**Assignment:** Starting with the first line below, extract each line through the one that contains "Now what we're", inclusive, excluding pictures.

- - -

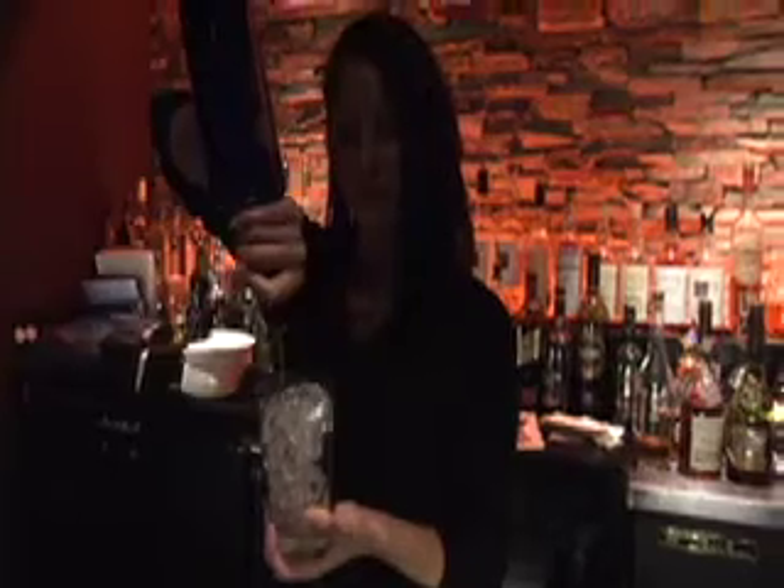So, we start with two ounces of citrus vodka, half an ounce of framboise, and half an ounce of triple sec.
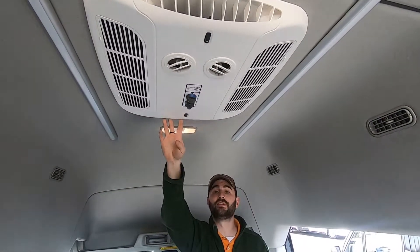We need to go over the air conditioner here in the rear room. This is a Coleman Mach air conditioner, a rooftop style. In order for this air conditioner to work, the vehicle needs to be plugged in.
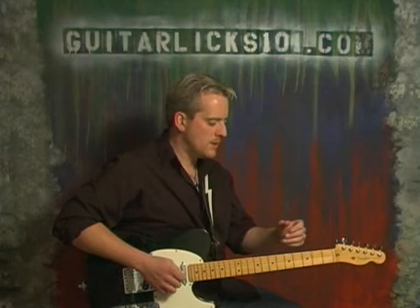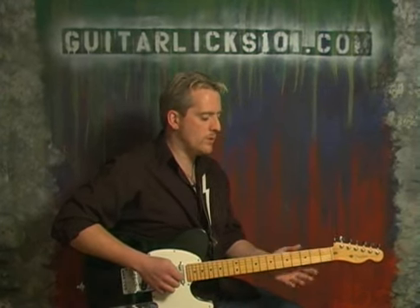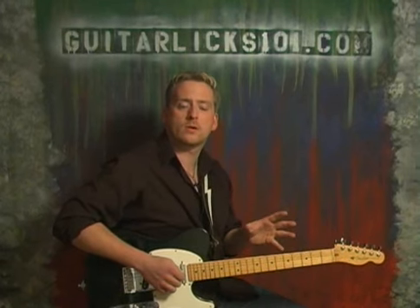Now what we're going to do is show you a little bit of a shuffle intro lead over the key of G, and it's going to be pretty well strictly based 100% on version 2 of that major pentatonic scale that I showed you earlier on.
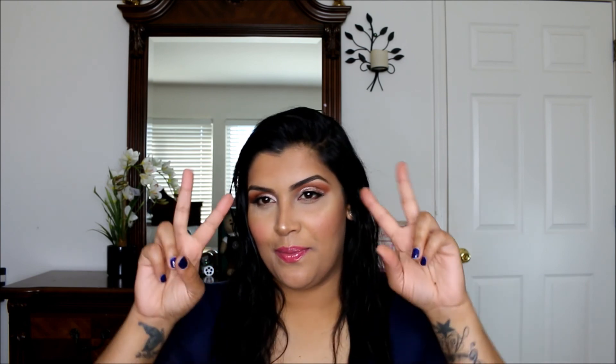Thank you so much for watching my video! I will see you guys in my next video. If you have any suggestions, you can leave them at the bottom of the comment section. Thank you again for watching — I will see you in my next video. Peace!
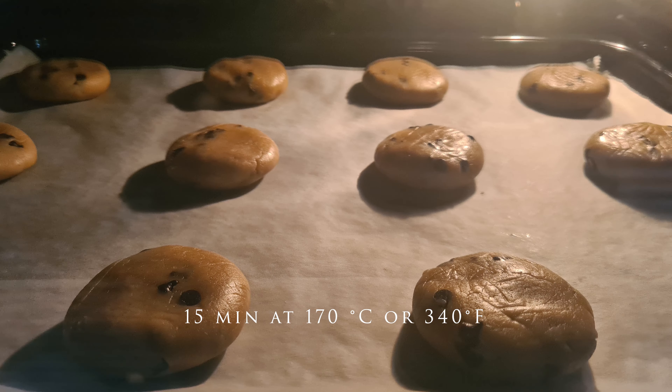Okay, that's all for today. Enjoy your fresh baking. Thank you for watching and happy baking!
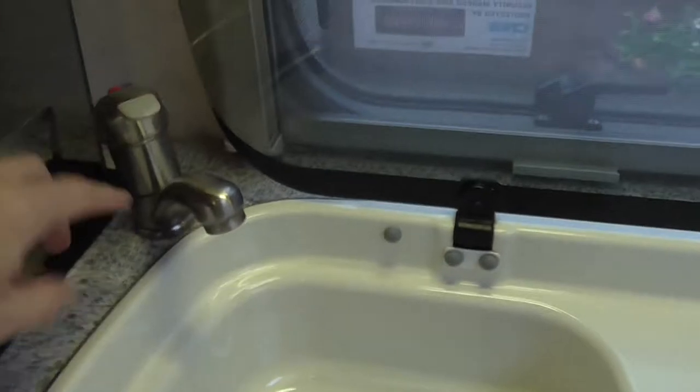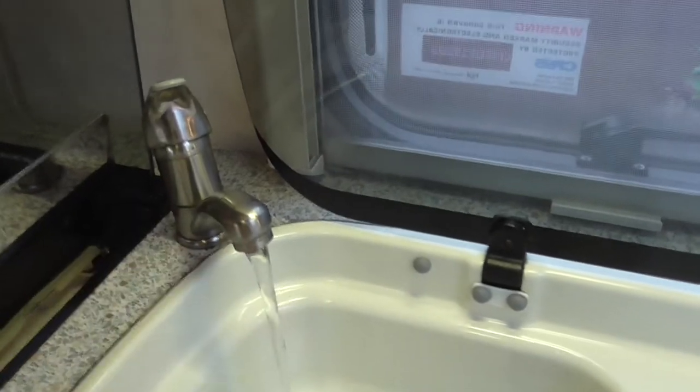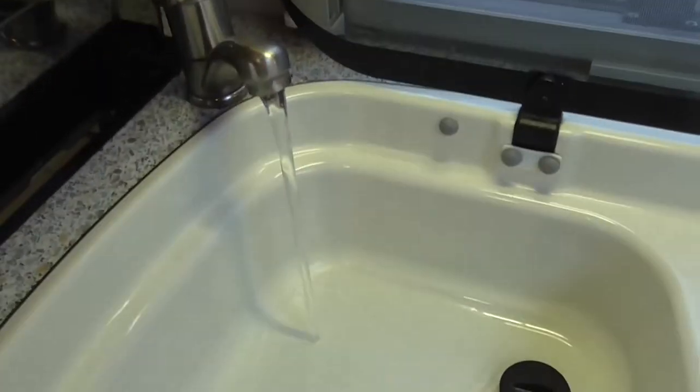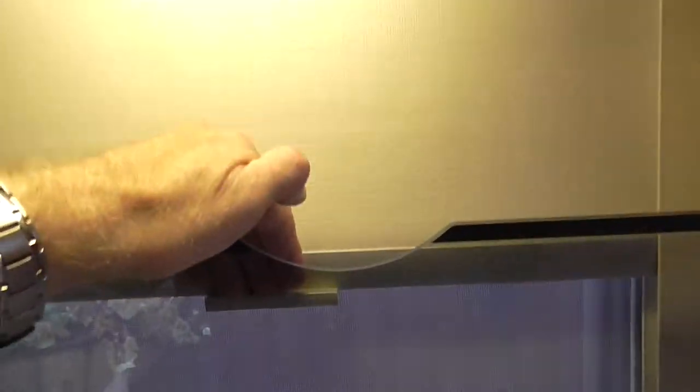Then we come to the sink, which has a glass lid. Same again — swivel tap, plug. This way and up for hot water, down and across for cold. There's a fly net at the window and a blackout blind, with a light above.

- - -

**Answer for the task:**
So, we start with two ounces of citrus vodka, half an ounce of framboise, and half an ounce of triple sec.
We need to go over the air conditioner here in the rear room. This is a Coleman Mach air conditioner, a rooftop style. In order for this air conditioner to work, the vehicle needs to be plugged in.
Now what we're going to do is show you a little bit of a shuffle intro lead over the key of G, and it's going to be pretty well strictly based 100% on version 2 of that major pentatonic scale that I showed you earlier on.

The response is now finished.